Tuesday 30 October 2018

The Haunted House

by Mark Kodama  

ruby port

I needed a job to pay for my last year in nursing school.  So I searched the want ads in the local newspaper for work a nursing assistant.  That how I got a job at the haunted house.
            The white three-story Victorian mansion was in the best part of town in a neighborhood with other Victorian mansions.  In front a large oak tree with a swing dominated the well manicured front lawn.  But who knew what lay beyond the door.
            The mansion housed or should I say warehoused fifty mental patients. But what did I know those days?  I was a 20-year-old nursing student.  My father told me a woman should pursue the same career that a man would.  But I tried business school and hated it.  I always wanted to be a veterinarian but veterinarian school was largely closed to women then.  So I decided to become a nurse.
            I thought there was something strange from the moment I started there.  The place smelled of old diapers and urine.  The kitchen was infested with cockroaches.

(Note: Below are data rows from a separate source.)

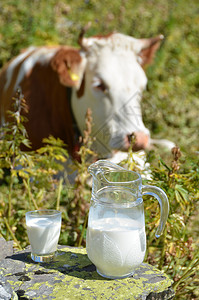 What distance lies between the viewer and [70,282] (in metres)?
1.22

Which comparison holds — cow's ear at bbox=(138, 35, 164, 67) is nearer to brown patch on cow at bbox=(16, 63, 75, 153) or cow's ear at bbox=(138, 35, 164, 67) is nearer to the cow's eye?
the cow's eye

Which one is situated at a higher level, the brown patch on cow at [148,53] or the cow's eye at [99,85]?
the brown patch on cow at [148,53]

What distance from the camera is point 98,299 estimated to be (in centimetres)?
113

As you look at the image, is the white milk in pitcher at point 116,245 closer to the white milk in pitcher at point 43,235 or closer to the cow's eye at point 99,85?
the white milk in pitcher at point 43,235

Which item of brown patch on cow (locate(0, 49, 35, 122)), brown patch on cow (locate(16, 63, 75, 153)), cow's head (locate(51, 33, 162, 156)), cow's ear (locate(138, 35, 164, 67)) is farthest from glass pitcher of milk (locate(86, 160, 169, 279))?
brown patch on cow (locate(0, 49, 35, 122))

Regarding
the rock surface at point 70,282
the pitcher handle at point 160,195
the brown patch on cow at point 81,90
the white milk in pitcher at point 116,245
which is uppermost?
the brown patch on cow at point 81,90

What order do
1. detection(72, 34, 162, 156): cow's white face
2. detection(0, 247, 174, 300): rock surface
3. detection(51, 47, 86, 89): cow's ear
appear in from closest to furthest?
detection(0, 247, 174, 300): rock surface → detection(72, 34, 162, 156): cow's white face → detection(51, 47, 86, 89): cow's ear

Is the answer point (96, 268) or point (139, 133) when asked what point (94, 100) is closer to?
point (139, 133)

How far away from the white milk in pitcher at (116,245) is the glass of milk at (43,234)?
14 cm

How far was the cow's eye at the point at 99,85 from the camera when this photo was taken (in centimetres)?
267

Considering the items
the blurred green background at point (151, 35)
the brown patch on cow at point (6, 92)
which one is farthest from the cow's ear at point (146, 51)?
the blurred green background at point (151, 35)

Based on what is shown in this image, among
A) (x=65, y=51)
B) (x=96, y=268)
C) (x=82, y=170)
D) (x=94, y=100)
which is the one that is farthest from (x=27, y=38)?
(x=96, y=268)

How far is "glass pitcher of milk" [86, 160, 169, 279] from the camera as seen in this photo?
3.91 ft

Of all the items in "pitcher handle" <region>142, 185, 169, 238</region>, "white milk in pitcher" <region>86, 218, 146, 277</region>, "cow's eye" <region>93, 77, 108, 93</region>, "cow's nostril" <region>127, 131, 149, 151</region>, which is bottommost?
"cow's nostril" <region>127, 131, 149, 151</region> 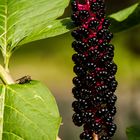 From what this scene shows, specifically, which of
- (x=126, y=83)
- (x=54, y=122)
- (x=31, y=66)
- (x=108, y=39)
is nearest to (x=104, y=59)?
(x=108, y=39)

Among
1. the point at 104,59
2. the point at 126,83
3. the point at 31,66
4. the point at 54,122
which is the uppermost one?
the point at 104,59

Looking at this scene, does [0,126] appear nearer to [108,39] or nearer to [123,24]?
[108,39]

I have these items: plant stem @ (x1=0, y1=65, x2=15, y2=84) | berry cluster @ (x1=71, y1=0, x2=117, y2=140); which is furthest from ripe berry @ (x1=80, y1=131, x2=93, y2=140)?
plant stem @ (x1=0, y1=65, x2=15, y2=84)

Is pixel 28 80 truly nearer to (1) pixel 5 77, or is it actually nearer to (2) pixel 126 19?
(1) pixel 5 77

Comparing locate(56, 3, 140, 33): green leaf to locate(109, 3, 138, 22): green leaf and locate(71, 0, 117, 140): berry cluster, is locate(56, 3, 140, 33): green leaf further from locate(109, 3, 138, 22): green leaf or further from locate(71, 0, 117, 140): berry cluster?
locate(71, 0, 117, 140): berry cluster

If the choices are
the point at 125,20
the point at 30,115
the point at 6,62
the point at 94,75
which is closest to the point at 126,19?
the point at 125,20

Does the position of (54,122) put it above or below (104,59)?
below

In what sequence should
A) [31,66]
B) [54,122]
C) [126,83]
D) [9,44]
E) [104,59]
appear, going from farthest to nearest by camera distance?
[31,66] → [126,83] → [9,44] → [104,59] → [54,122]

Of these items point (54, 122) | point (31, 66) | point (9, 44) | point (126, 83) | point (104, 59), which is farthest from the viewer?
point (31, 66) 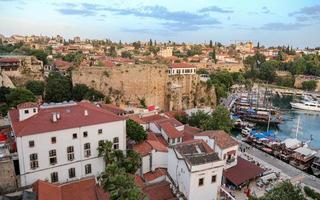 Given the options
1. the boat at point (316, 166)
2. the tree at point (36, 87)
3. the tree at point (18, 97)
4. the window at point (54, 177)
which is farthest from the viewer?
the tree at point (36, 87)

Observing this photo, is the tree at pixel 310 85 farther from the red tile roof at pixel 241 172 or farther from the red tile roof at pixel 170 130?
the red tile roof at pixel 170 130

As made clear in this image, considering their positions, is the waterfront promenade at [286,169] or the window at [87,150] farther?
the waterfront promenade at [286,169]

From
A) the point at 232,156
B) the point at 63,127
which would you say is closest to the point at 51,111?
the point at 63,127

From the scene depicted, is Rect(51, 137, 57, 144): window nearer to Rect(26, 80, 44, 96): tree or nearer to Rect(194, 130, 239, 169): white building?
Rect(194, 130, 239, 169): white building

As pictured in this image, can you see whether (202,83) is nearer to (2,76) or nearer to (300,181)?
(300,181)

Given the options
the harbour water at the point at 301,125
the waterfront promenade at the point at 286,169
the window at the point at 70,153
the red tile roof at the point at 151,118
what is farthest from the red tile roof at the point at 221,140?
the harbour water at the point at 301,125

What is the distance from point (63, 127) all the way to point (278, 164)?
23.5m

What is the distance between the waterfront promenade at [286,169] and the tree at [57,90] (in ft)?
91.9

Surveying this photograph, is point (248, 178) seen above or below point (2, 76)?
below

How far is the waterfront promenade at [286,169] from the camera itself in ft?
86.3

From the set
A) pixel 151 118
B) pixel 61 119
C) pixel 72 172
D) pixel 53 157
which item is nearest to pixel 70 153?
pixel 53 157

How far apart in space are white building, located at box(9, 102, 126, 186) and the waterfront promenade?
17.0 meters

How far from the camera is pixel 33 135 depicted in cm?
1964

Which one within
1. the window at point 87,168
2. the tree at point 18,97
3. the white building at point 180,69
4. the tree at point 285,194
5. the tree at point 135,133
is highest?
the white building at point 180,69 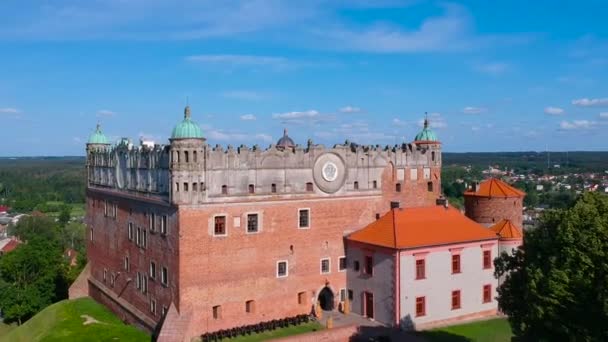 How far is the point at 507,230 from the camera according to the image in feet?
147

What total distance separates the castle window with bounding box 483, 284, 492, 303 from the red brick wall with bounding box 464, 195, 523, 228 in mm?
5348

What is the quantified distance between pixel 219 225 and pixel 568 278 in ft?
70.3

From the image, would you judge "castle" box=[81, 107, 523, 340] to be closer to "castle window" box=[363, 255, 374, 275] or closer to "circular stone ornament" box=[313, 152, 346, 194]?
"circular stone ornament" box=[313, 152, 346, 194]

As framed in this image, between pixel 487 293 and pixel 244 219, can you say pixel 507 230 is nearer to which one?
pixel 487 293

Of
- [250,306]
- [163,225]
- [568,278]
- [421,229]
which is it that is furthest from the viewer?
[421,229]

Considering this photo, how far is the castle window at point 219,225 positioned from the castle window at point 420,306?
13726 millimetres

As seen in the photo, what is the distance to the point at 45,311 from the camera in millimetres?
52812

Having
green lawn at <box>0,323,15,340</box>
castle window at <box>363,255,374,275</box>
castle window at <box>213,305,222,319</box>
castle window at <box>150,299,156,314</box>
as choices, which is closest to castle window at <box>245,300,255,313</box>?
castle window at <box>213,305,222,319</box>

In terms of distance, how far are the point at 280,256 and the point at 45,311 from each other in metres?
24.3

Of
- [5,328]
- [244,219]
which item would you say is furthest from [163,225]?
[5,328]

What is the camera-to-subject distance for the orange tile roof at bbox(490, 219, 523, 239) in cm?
4456

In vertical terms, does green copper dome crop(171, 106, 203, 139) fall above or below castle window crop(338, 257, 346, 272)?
above

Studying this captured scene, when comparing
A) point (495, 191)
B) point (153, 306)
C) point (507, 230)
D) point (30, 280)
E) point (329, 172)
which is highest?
point (329, 172)

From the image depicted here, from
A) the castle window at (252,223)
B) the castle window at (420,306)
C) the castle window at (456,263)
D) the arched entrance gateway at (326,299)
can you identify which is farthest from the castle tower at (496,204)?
the castle window at (252,223) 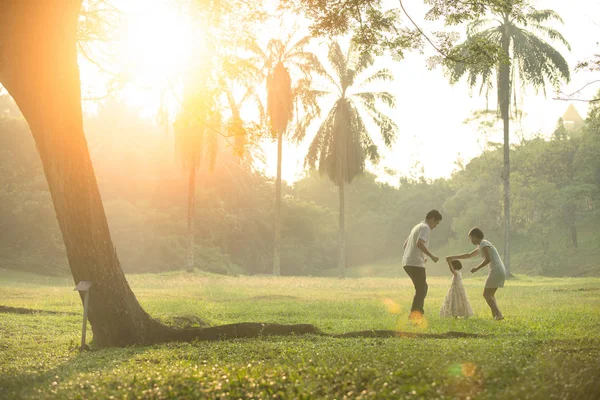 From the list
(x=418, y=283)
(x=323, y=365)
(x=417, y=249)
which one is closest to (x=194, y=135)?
(x=417, y=249)

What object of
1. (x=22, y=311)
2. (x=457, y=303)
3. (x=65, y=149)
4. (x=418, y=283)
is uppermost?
(x=65, y=149)

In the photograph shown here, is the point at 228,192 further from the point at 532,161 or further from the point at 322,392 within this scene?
the point at 322,392

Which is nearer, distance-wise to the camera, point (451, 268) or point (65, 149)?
point (65, 149)

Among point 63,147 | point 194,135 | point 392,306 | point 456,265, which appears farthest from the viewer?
point 194,135

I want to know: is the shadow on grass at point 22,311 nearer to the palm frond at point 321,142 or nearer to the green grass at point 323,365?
the green grass at point 323,365

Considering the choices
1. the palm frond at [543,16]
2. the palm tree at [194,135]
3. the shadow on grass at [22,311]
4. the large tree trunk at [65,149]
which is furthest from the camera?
the palm frond at [543,16]

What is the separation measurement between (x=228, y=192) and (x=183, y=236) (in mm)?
6956

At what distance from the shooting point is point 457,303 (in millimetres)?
13859

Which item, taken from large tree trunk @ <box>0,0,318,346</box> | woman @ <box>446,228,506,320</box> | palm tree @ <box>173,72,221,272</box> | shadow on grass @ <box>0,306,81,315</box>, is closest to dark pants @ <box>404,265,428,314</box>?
woman @ <box>446,228,506,320</box>

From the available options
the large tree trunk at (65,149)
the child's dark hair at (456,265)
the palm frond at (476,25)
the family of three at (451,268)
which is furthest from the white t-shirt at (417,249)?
the palm frond at (476,25)

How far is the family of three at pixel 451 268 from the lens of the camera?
12.8 m

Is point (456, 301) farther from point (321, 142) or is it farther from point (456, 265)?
point (321, 142)

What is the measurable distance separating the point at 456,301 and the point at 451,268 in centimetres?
72

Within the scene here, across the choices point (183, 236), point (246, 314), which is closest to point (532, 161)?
point (183, 236) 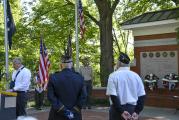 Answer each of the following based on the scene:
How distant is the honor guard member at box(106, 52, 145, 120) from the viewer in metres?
7.10

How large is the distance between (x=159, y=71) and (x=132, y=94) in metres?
12.3

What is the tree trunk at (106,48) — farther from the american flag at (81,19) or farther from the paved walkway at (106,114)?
the paved walkway at (106,114)

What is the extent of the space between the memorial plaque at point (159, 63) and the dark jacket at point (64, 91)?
38.5ft

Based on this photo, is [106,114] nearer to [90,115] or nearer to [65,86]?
[90,115]

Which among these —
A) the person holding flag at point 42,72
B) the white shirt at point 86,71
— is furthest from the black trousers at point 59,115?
the white shirt at point 86,71

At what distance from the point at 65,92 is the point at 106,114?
9178mm

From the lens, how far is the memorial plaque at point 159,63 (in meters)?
18.7

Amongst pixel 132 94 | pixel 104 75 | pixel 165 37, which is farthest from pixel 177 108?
pixel 132 94

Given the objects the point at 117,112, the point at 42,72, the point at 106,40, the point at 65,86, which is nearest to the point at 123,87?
the point at 117,112

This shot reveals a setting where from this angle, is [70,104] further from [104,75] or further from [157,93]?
[104,75]

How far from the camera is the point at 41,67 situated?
52.7 feet

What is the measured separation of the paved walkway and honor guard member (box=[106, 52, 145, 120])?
7884mm

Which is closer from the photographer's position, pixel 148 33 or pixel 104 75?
pixel 148 33

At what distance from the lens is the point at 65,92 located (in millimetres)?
7297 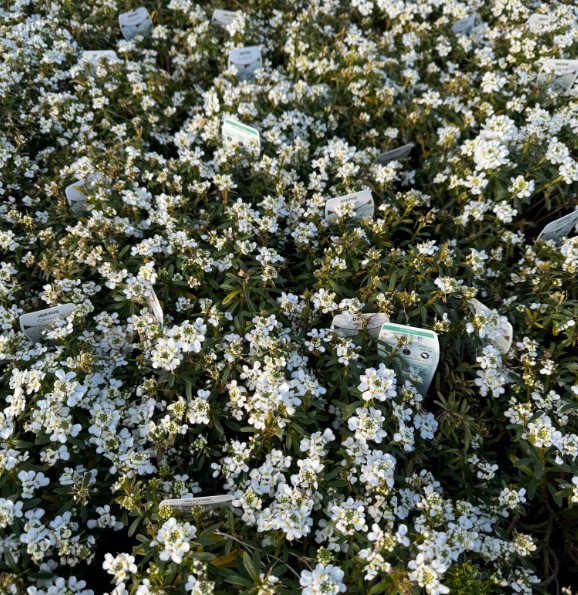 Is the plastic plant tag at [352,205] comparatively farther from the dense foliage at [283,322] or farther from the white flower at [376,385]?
the white flower at [376,385]

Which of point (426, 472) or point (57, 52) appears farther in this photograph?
point (57, 52)

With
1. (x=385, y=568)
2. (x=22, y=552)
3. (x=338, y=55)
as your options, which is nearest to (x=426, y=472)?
(x=385, y=568)

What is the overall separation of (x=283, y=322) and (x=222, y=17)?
13.9 feet

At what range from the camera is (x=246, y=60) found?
5.34 meters

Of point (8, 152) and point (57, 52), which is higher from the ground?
point (57, 52)

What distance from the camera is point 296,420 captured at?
9.48 ft

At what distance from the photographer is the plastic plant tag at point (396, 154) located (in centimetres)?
459

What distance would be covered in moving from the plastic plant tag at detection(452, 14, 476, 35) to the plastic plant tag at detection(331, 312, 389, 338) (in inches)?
174

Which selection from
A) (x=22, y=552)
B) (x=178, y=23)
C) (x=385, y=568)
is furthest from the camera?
(x=178, y=23)

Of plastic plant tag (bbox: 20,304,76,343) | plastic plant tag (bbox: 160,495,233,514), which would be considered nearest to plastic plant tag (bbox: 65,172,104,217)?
plastic plant tag (bbox: 20,304,76,343)

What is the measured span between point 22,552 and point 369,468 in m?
1.75

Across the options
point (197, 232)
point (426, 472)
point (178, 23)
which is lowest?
point (426, 472)

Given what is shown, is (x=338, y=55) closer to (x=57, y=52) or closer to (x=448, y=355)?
(x=57, y=52)

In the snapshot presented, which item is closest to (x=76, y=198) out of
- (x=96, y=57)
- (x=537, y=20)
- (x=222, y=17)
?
(x=96, y=57) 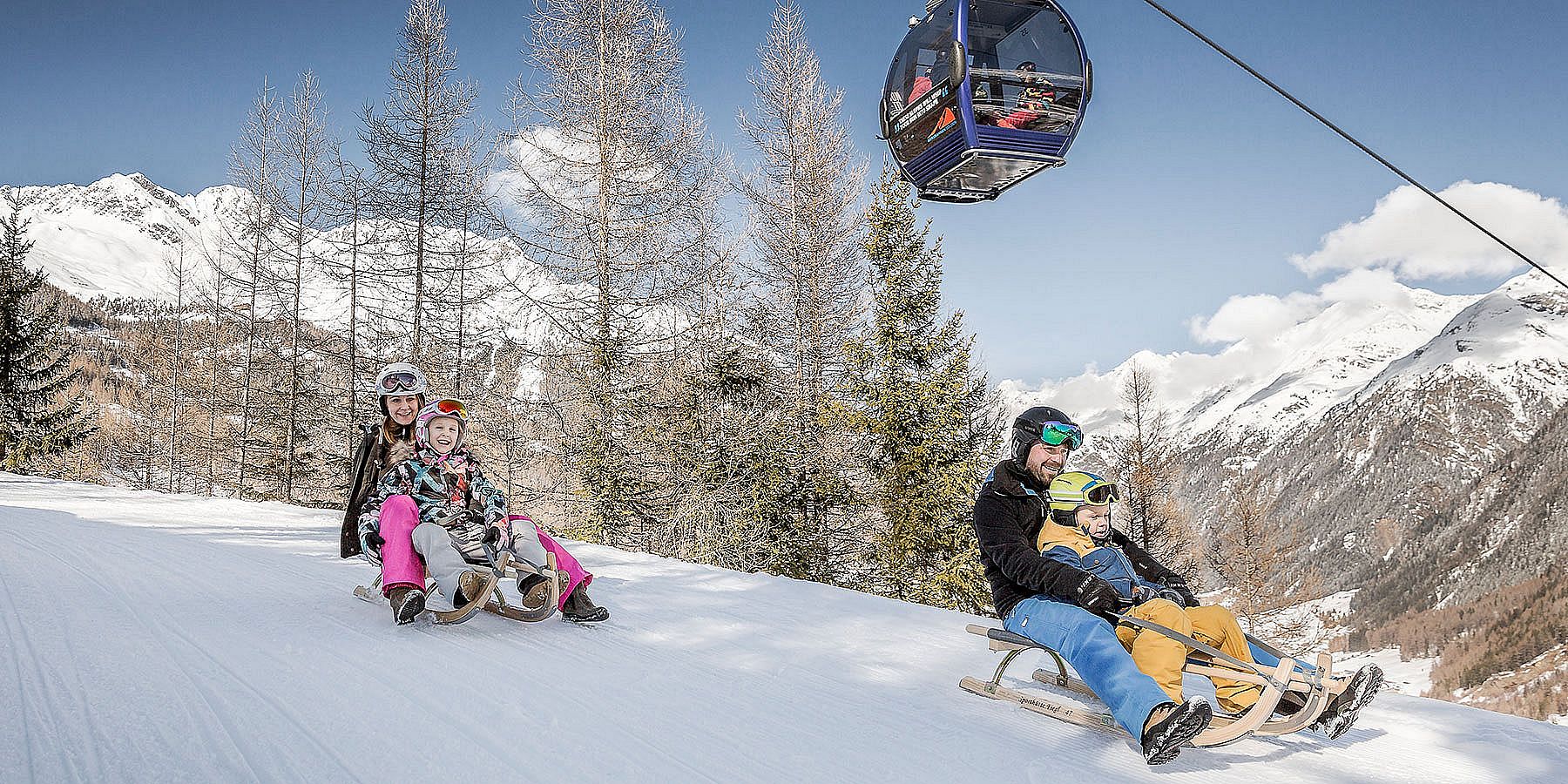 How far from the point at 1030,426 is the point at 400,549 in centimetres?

You could not walk in the kitchen without feeling them crunch underneath your feet.  An old woman on the first floor forever threatened to hit me with a cane.
            I worked the 3 p.m. to 11 p.m. shift.  I was the only non-patient there.  The cook was a patient there himself.  The first two floors housed the women but the third floor housed the men psych patients.  I was warned never to go up there.
            Everyday I would hand out the Thorazine, anti-psychotic medication, to the female patients, then prepared eight women for bed.  We took this creepy elevator with bars up to the second floor each night after dinner.
            If you did not line up the bars just right, that old elevator did not work.  I always feared that the elevator would break down with me and my eight wards.
            One night one lady pooped all over herself and her room.  I had to clean her and her room in addition to attending all my other duties.
            One night, they brought down a dying man to the first floor.  I attended him, helping comfort him as he lay drowning in his own phlegm and secretions.
            The place was strange.  In the six months, I was there I never saw a visitor and sometimes I worked weekends.  The patients walked around drooling with a blank face and stare and doing the zombie shuffle.
            The nurses assistant on the next shift warned me about a male patient who would occasionally sneak down the curved stairway in the back of the house and suddenly appear. He had murdered his wife.
            On Halloween night I had finished my duties early so I was watching a really creepy horror movie “The Sentinel” on television.  It was about a priest who kept the lost souls from hell from entering back to earth through a portal.
            Suddenly, I heard a man coming down the banister.  I looked up and it was the man who had murdered his wife.  He was about 40 with brown hair and sunken eyes and an emaciated face.
            He seemed to look through me as he approached me.  “Can I walk you to your car?” he asked.  No, and no and more no.
            After that I quit.  A month later, I read in the newspaper that a man had fell out of the third floor window to his death.  The state closed the haunted house.